Data Science & Business Intelligence

A lot of researches gave us the fancy definition about Data Science and Business Intelligence. I interviewed a few of my friends from my master program most of whom are working as a Data Scientist or Business Intelligence Engineer or Data Engineer in the tech industry. Since I am working in Amazon instead of the academic research environment, I will combine my experience and and my friends' interviews to discuss the responsibilities of a Data Scientist or a BI Engineer. 

According to Forrester Research, Business Intelligence is 
Forrester defines the business intelligence (BI) market as a set of methodologies, processes, architectures, and technologies that leverage the output of information management processes for analysis, reporting, performance management, and information delivery. Research coverage includes executive dashboards as well as query and reporting tools.

As for Data Science, the definition is:
In general terms, Data Science is the extraction of knowledge from data It employs techniques and theories drawn from many fields within the broad areas of mathematics, statistics, information theory and information technology, including signal processing, probability models, machine learning, statistical learning, computer programming, data engineering, pattern recognition and learning, visualization, predictive analytics, uncertainty modeling, data warehousing, data compression and high performance computing. Methods that scale to Big Data are of particular interest in data science, although the discipline is not generally considered to be restricted to such data. The development of machine learning, a branch of artificial intelligence used to uncover patterns in data from which predictive models can be developed, has enhanced the growth and importance of data science.
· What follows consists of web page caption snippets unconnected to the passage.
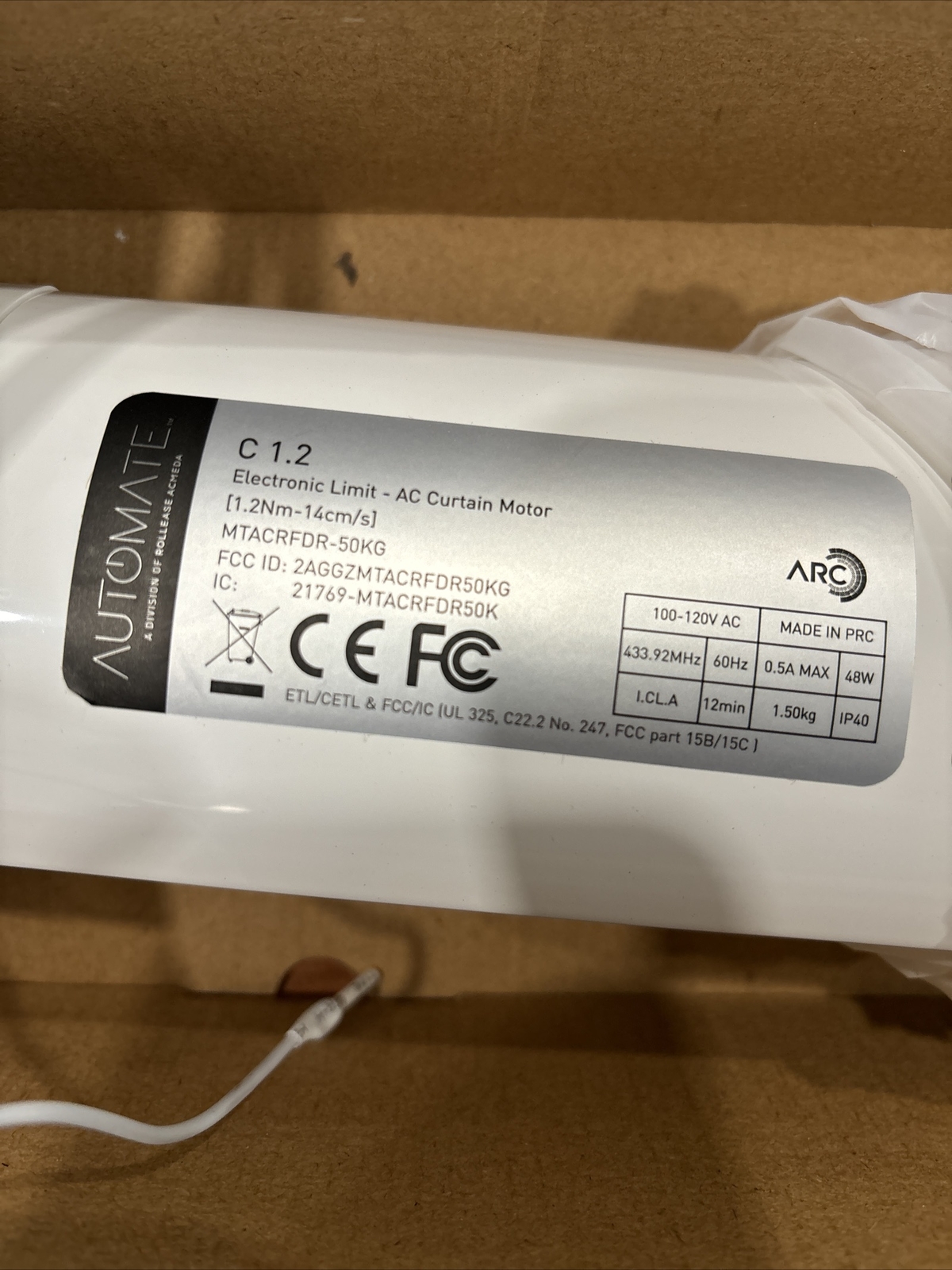 The Shade Store Automate Rollease Drape Motor 1.2 NM – MTACRFDR-50KG NEW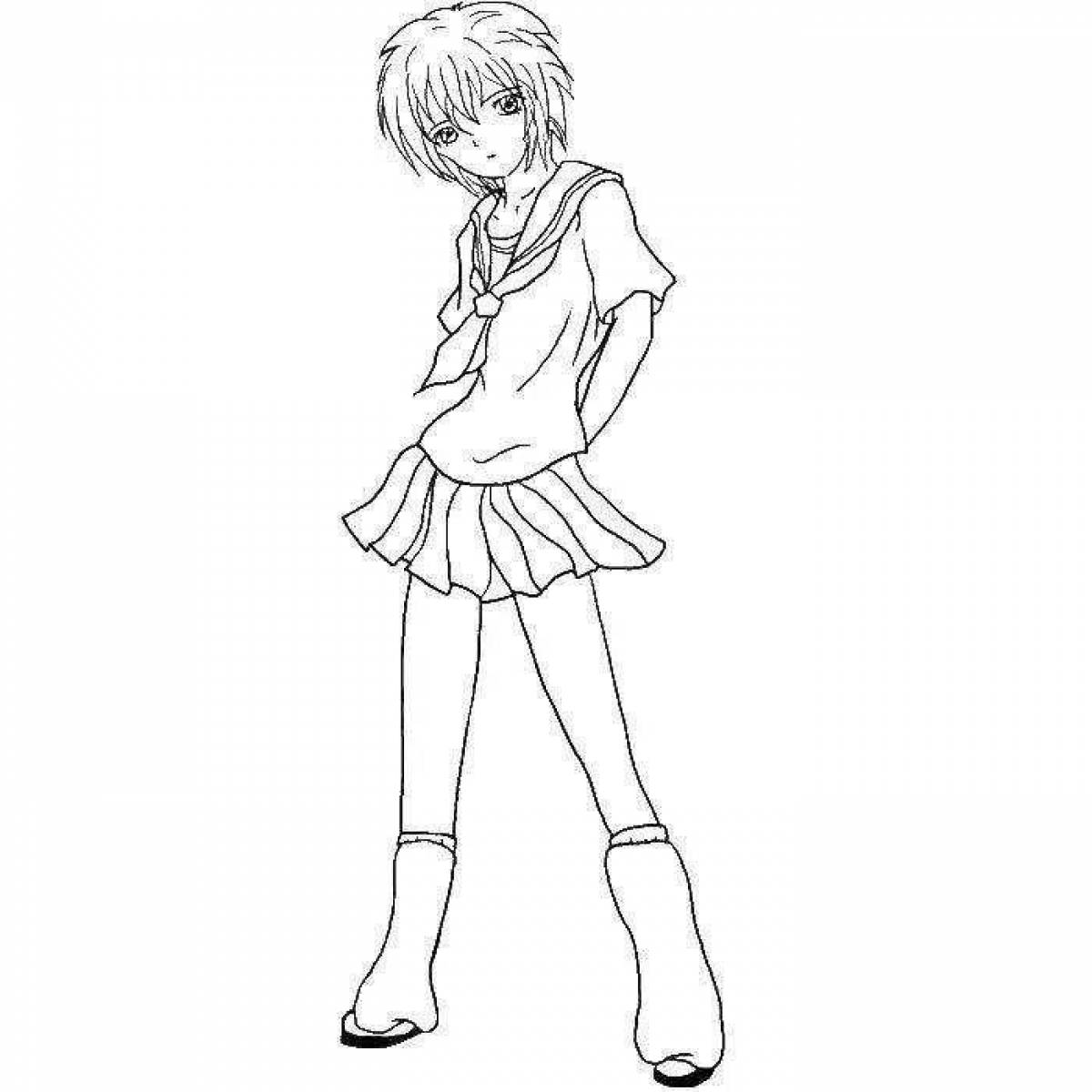 Transcendent coloring page anime full body girls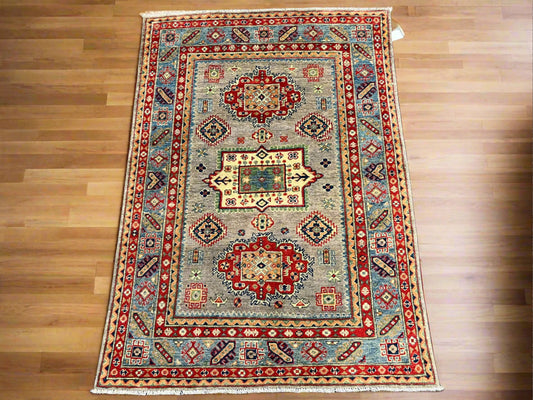 4X6 Kazak Gray brown Handmade Wool Rug # 13753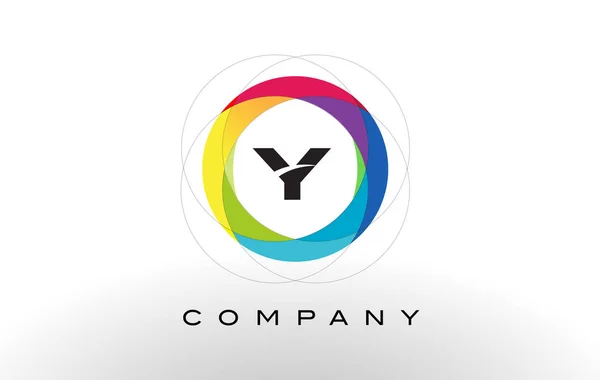 Letter Y-Logo met Rainbow cirkel ontwerp. — Stockvector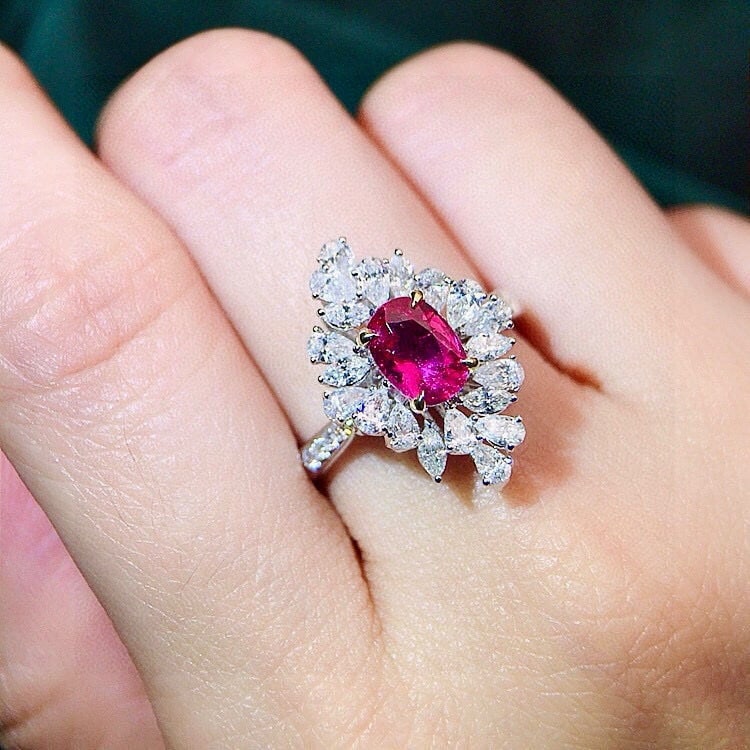 14k Gold 2.32 Ctw Natural Ruby & Diamond Ring - 5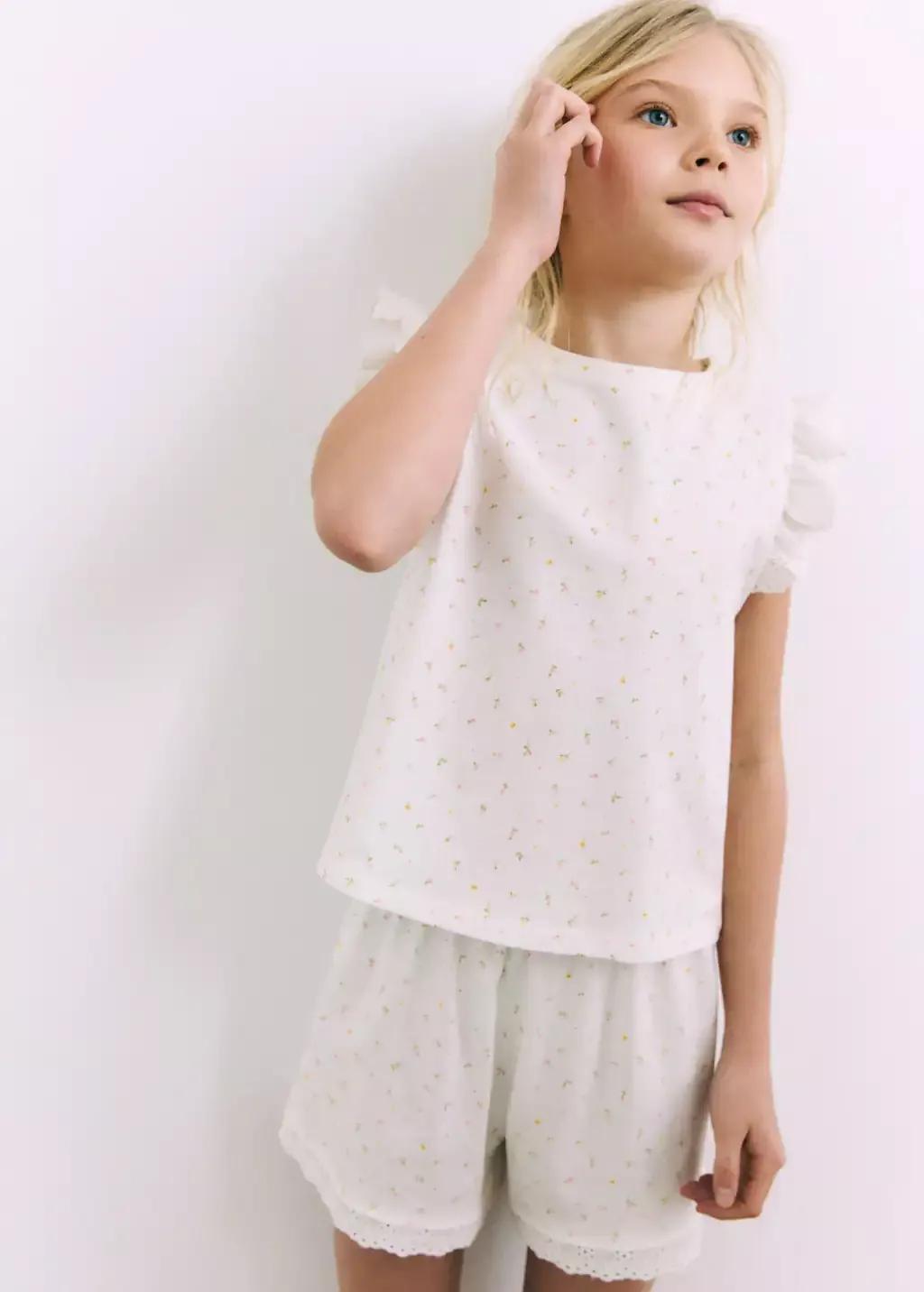 White Floral Cotton Pyjamas, Kids Girl, , large image number 4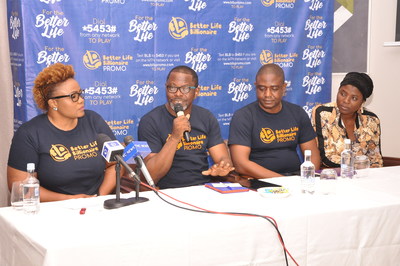 L-r: Funke Adekola, Business Director, Dare Create, Celestine Achi, Director General, BLB Promo, Kenneth Shanki, Product Manager, Payment Solution, MTech Communications Ltd and Simisola Munire, Senior Legal Officer, Lagos State , at the media unveiling of the Better Life Billionaires Promo in Lagos weekend.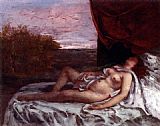 Gustave Courbet Femme Nue Endormie painting
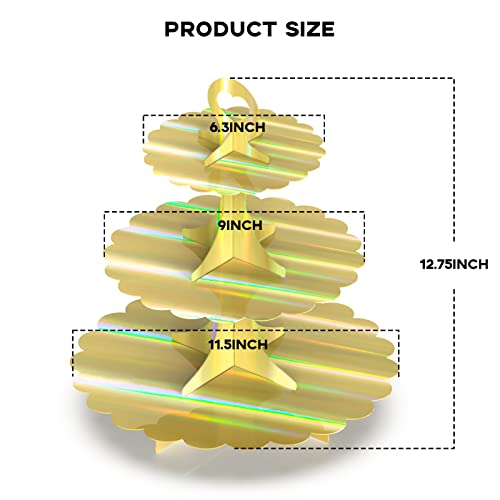 3-Tier Laser Gold Cupcake Stand, 2-Pack Heart Handle Dessert Display Tower, Quick Easy Assembly, Easy Clean for Wedding Birthday Graduation Baby Shower Party Supplies - color: Rainbow Gold 2 Pack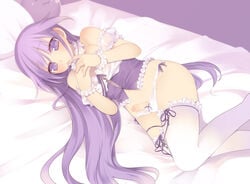 1boy blush bow_panties censored choker corset crossdress crossdressing cum femboy frilled_panties frilled_thighhighs frills happiness human human_only kashiwamochi_yomogi legs lingerie little_penis long_hair lying male male_only on_side panties penis penis_in_panties precum purple_eyes purple_hair see-through solo solo_male thighhighs very_long_hair watarase_jun white_panties white_thighhighs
What kinds of skill are required for both?
SQL -  Extract the data
This is definitely the most important and generic skill required for both positions. However, SQL does not allow you to build specific statistic models. You can only do simple calculations in SQL. 

Tableau -  Simple reporting
The Seattle based company Tableau created the incredibly user friendly software for you to generate the report. The private Tableau server allows you to share your dashboard with your internal customers. The newest version in Tableau allows you to run Java and customized SQL on the top of your original tables.

R Studio - Build complex statistical model
In R studio, you can run linear regression, neural network regression, F-test, or other complex statistical model that are impossible to run on SQL.

Excellent programming skills introduces you to the career path of a Business Intelligence Engineer. However, in the real world, especially business driven working environment, critical thinking is much more important. For example, what kinds of metrics would you like to use to measure a user's interaction on Facebook ? Length of time when a user stayed on the page? How many likes a user gave in one day? Did a user download an app recommended on Facebook ad?  Why the number of likes a user gave is more important than the length of his staying on the New Feed page? What other metrics should we include in the Weekly Business Report that delivered to the Finance team? How about the report delivered to the Accounting team? When the metrics you want to use are not available in the data warehouse, how could you come up with SQL query that used other metrics to generate the metrics you want?

In the business-driven environment, production delivery speed is more important that the quality of the report. As private company's goal is to make more profits, it requires the leadership to make big decisions fast and correctly. Therefore, BIE working pace is very fast. Summary data in a report sounds pretty straightforward and simple but how to overcome all the data engineering problems and become critical thinking about the metrics relationship in the data warehouse takes a lot of hard work and reviews. 

You might wonder if a Data Scientist's job focuses more on the research base. Most of my friends with a title in Data Scientist use SQL to extract the data and another tool, including Excel, R Studio, and SAS to analyze the customer behavior.